Thirty one states now permit law‐abiding citizens to carry concealed handguns for self‐defense. Most of them are similar to Missouri’s proposal, which would have required the county sheriff to issue a concealed handgun permit to any Missouri citizen who is at least 21 years of age, undergoes a background check, takes a 12 hour firearms course and satisfies various other criteria. Because this was the first time that citizens could vote directly for or against concealed weapons permits, however, the battle in Missouri was closely watched as a measure of the pulse of the electorate on gun control. Now that the dust has settled, the question is, “What does it all mean?”
Well, evidently, most of the Missouri voters who went to the polls prefer taking their chances with criminals to trusting their neighbors with handguns. In the end, Missouri citizens decided that the same people on whose care, judgment, and sense of responsibility they rely every day to serve them food in restaurants, to watch their kids in day care centers, to assist them with their taxes, and to drive safely on their streets, could not be trusted to exercise sufficient care and responsibility with respect to carrying handguns in public.
Proponents of concealed carry laws argue that law‐abiding citizens should be able to carry a handgun because they have a right to defend themselves and their loved ones. Statistics from the Department of Justice indicate that 87 percent of all violent crime occurs outside the home. If a person has to leave his firearm at home, he will be defenseless against criminal attack.
Opponents of the laws emphasize the dangers that might occur if citizens begin carrying for self‐defense. Fender benders and arguments where tempers flare might become occasions for murder if a gun is at hand. More guns in public might also result in more accidents. And inexperienced citizens might use guns without any real justification.
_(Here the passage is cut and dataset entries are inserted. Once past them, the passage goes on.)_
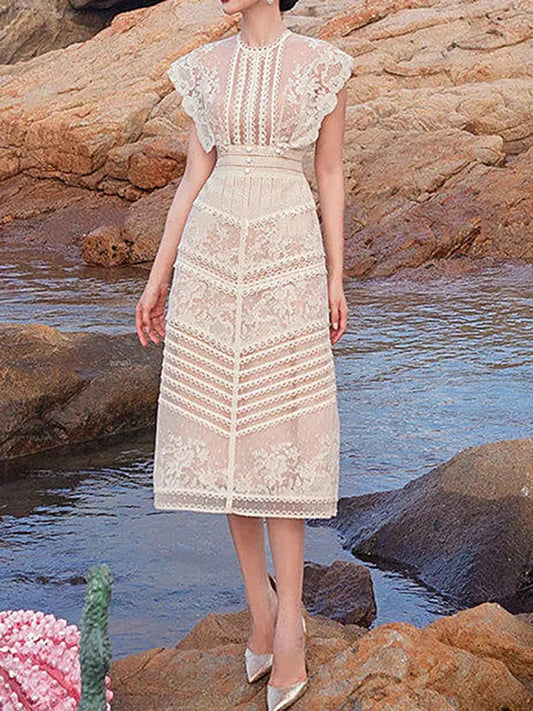 Embroidered lace dress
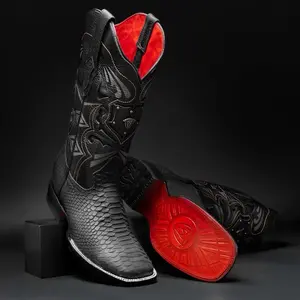 RODEO CARTIE  WOMEN'S BLACK WIDOW PYTHON TRIBUTE MIDNIGHT SQUARE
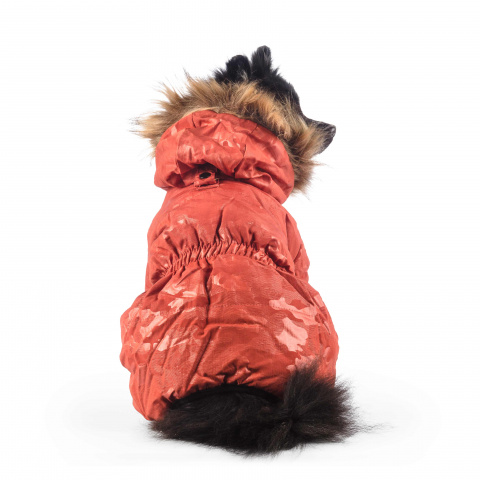 Комбинезон с меховым капюшоном для собак XL оранжевый (унисекс) 2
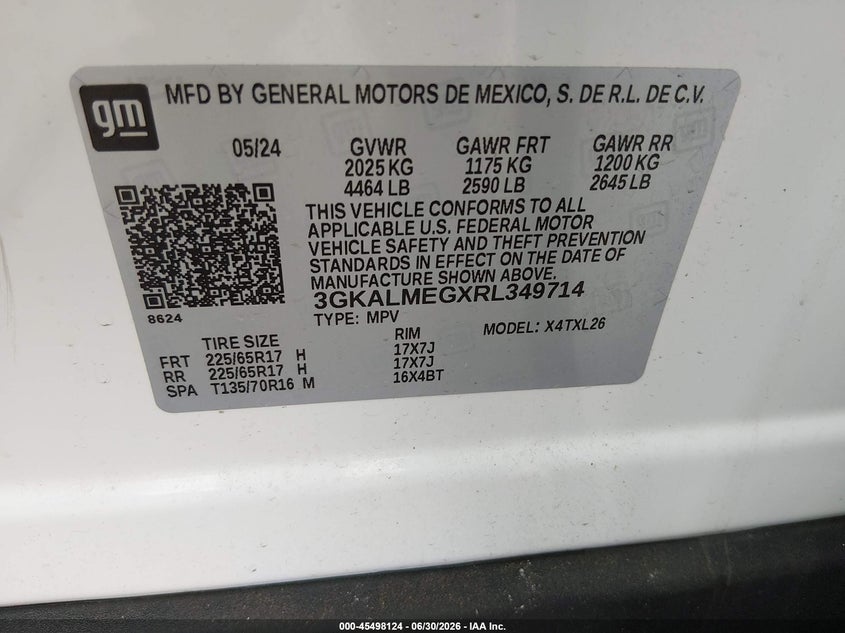 GMC TERRAIN 2024 VIN 3GKALMEGXRL349714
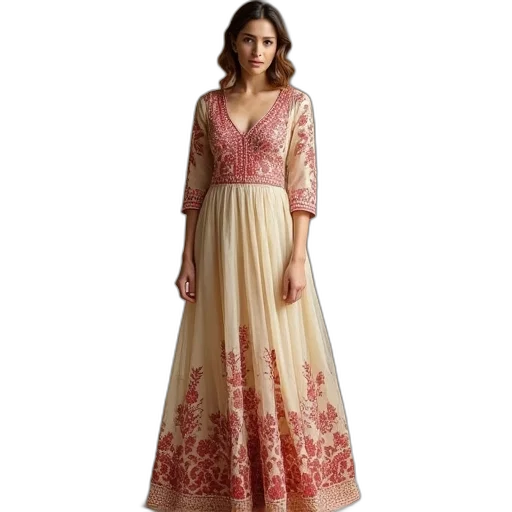 dress, beige, red, embroidered transparent PNG cut-out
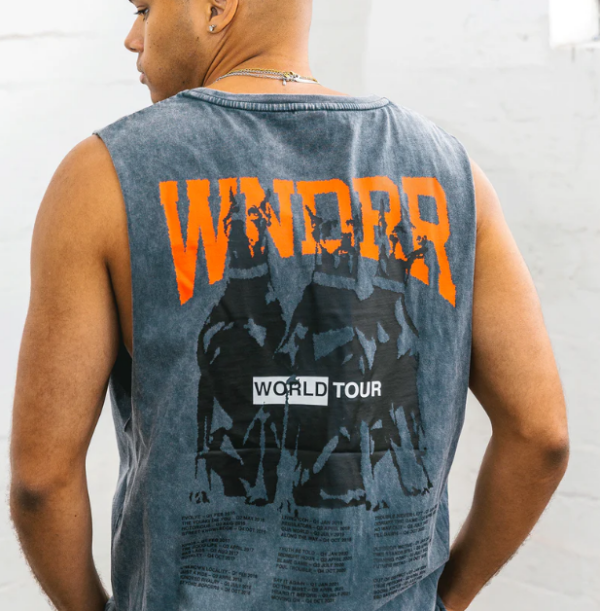 WORLD TOUR MUSCLE TOP - WASHED GREY - Image 3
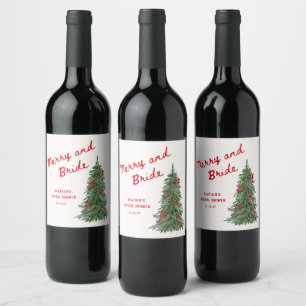 Merry and Bride Whimsical Holiday Bridal Shower Wine Label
Such gloomy predictions apparently played a large role in defeating the Missouri initiative. But the experience of states that have enacted such laws over the past 12 years shows that licensed citizens don’t misuse their weapons. People who acquire carry permits have very rarely gotten into trouble with the law. As more and more states have enacted concealed carry laws, this experience has repeated itself and the data gets stronger as each year passes.
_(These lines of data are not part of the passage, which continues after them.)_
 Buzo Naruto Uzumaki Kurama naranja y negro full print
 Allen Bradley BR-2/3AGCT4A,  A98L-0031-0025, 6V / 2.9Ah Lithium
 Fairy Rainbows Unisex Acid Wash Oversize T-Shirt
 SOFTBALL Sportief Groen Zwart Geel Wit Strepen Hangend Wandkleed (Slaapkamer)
Fear of the consequences that might occur if the carry law were enacted wound up dominating the Missouri debate while few worried about what might occur if citizens had to rely solely upon the police for protection.
For example, there was little worry among opponents that if the law‐abiding were not armed no one in Missouri would be available to quickly stop a massacre of children on school grounds, as assistant high school principal Joel Myrick did in Pearl, Mississippi last year. Myrick retrieved a pistol from his pickup, confronted a juvenile predator and held him at gun point until police arrived. The boy had already shot seven students and was on his way to a neighboring elementary school.
One writer to the editor of the St. Louis Post‐Dispatch summed up her opposition to the proposed law by stating that “the so‐called right to carry infringes on my right to feel safe.” That simple statement captures the essence of this controversy. Unlike Joel Myrick, a growing number of us do not think of ourselves as co‐producers of public order and safety — ready to act upon our own initiative if circumstances so require.
Proponents of gun control see no good in guns because they disregard the good deeds for which a handgun would be advisable. Worse, they may not believe in the capacity of people to perform such good deeds. If that is indeed the case, there’s nothing but sand awaiting those mining for gold in gun control.